Zuber-Skerrit (2001) suggests a schematic model as a spiral of cycles that each of them consists of four phases: planning, acting, observing and reflecting (see figure 3).
In summary, action research is a continuous and iterative process. In this dissertation the iterative characteristics of action research manifests particularly in designing new research question according to previous cycles of research. Dumez, (2013) explains that the research question in not created just at the beginning of the research, but several research questions may be created during the research.
As described before, this research was started for assisting Vedecom institute in understanding the cost-revenue structure among different actors of the mobility ecosystem in Satory (phase A corresponds to chapter 7). This problem of practice has been studied beside literature review on business models. The literature review revealed that there are several research gaps; therefore the utility of research in terms of theoretical contribution has been confirmed. A cycle of actions (e.g. data collection, analysis, etc.) has been accomplished. The first cycle of research has replied the real problem in practice by providing a management tool for demonstration and evaluation the business model of a public private ecosystem. But through the first cycle, the need for a general conceptual framework has manifested. Therefore the research question B was defined as “how to design a conceptual framework for the business model of a public private ecosystem?” (Phase B corresponds to chapter 5). This cycle has been accomplished by a deep literature review of several concepts (i.e. business ecosystem, value network, value, etc.) in different management science disciplines. This cycle of research helped to have framework for the business model of ecosystem. Consequently we were able to bring up new research questions: first, regarding to the business model innovation mechanisms (phase C corresponds to chapter 6), second regarding to the dynamics of an innovation ecosystem over time (phase D corresponds to chapter 8). For solving each of these questions, different actions (e.g. data collection, analysis, etc.) have taken place.
As a result a conceptual framework has been designed and based on the conceptual framework a management device for demonstrating and evaluating the business model of a public private ecosystem has been created and used. According to the conceptual framework, the business model of an ecosystem includes the offer and demand systems as well as the value structure. The management tool unlocks specifically the cost-revenue structure as a subset of value structure.
However the application of the management device has answered the problem of Vedecom satisfyingly and added something new to the management science but it seemed that this research has the potential for more development.
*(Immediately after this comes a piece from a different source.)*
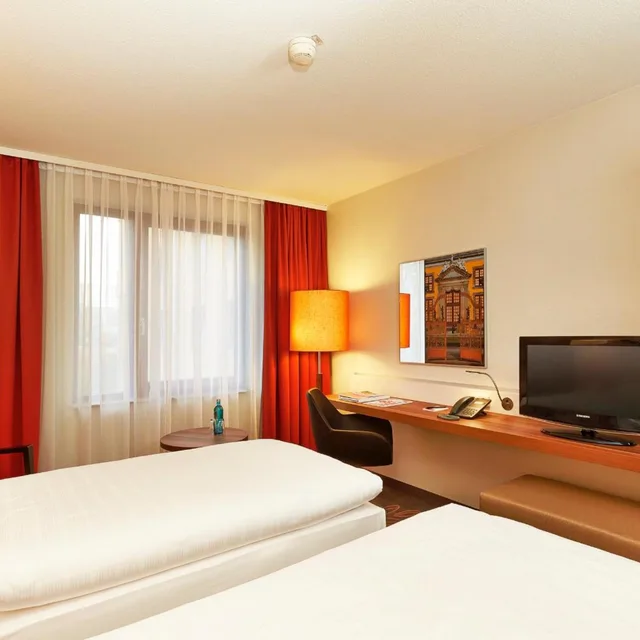 غرفة ثلاثية بسرير فردي، H+ HOTEL HANNOVER 1/4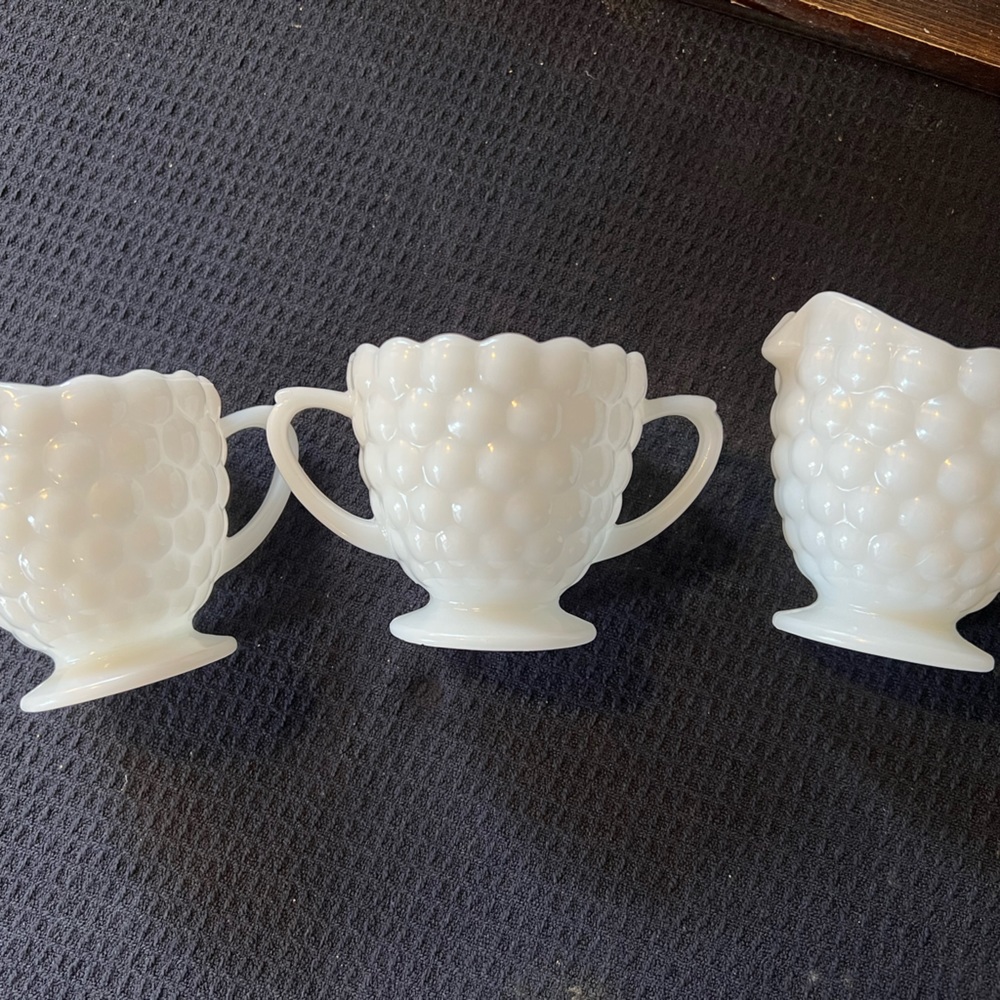 Anchor Hocking Bubble Milk Glass Sugar and Creamer Set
The business model dynamics appeared as an interesting issue for further research. The business model dynamics can be translated both as the interaction among the business model components and also the business model dynamics over time. The first approach is deliberated comprehensively in chapter 5 and the second approach is explained in chapter 7.
The first approach led to define a new research question as “what are the mechanisms of business model innovation?” The effectuation logic has been transposed to the business model concept. In this regard two cases were studied, first one refers to the case of Bollore who has changed its business model in recent two decades and entered new businesses. The second case refers to the trajectory of the Vedecom institute and shows how the business model of a research program has been evolved.
Figure 4 shows the progressive process of action research during my research; an initial reflection resulted to a primary research question, afterward a series of actions such as data collection and analysis have been done. According to the results another research question has raised and the process has been continuing until the end of the research. As it is illustrated in this scheme, “Reflection” in each phase not only encouraged me for another research question but directly provided theoretical contributions and managerial implications.
Assessment for complementary methodologies
No methodology is perfect and complete enough for conducting research in an organization (Pasmore et al., 2008b). One type of methodology may not cover the global research question thoroughly. However management research has tended to offer a dichotomy of approaches, in reality, multiple methods are required to conduct the research, in other words research projects usually include different research questions; therefore a research method may be appropriate for one question but not for another (Gray, 2013).
Each research method has its particular strengths and weaknesses and it may cover a part of required data. Therefore using multiple methods for collecting the data from different sources and over different times, provides a more exhaustive data by profiting from strengths of each method (Easterby-Smith et al., 2002; Gray, 2013).
The research question may be too complex and too big that it requires being break down to several sub-questions which need different methodologies to be answered. Another reason to complete action research methodology with other methodologies such as case study research refers to the collaboration mechanism between management science and management practice; in other words through action research methodology, the researcher has access to the organization and expect to collect data from the organization, on the other hand organization expect rapid and practical answers for its in-life questions. The challenge arises when the organization in not mature itself and it is in its early stages, the challenge aggravated when the organization is not only immature but also wants to work on innovation. Here the researcher is forced to accompany action research methodology by other methodologies such as case study research methodology. The researcher has two objectives to do; first, as the organization is new therefore it needs to be nourished by academic concepts and theories and the researcher brings the academic knowledge to the practice. This helps the organization to have access to actionable knowledge and use it to develop itself. Second, the new established organization wins time to develop data which will be used in action research methodology. Therefore using a complementary methodology alongside the action research methodology is beneficial both for researcher and the organization.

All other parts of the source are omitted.